(Collected data entries)
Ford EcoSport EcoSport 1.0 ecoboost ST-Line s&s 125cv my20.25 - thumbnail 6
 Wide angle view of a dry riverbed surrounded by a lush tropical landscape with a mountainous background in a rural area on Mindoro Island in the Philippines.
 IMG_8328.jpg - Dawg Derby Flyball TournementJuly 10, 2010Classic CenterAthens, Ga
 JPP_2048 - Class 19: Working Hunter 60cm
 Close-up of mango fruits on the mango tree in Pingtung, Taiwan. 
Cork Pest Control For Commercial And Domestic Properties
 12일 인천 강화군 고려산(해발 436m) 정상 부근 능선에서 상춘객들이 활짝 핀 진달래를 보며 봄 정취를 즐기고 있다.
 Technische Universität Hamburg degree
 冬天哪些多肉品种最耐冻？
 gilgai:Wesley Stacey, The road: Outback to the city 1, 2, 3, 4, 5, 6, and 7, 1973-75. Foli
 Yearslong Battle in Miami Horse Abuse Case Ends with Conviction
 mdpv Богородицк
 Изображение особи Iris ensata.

### HOW TO COMPLETE THIS TASK
Transcribe, word for word, the data above from its first line through the line with "Wide angle view", and include nothing else.

### ANSWER TO THE PROBLEM
Ford EcoSport EcoSport 1.0 ecoboost ST-Line s&s 125cv my20.25 - thumbnail 6
 Wide angle view of a dry riverbed surrounded by a lush tropical landscape with a mountainous background in a rural area on Mindoro Island in the Philippines.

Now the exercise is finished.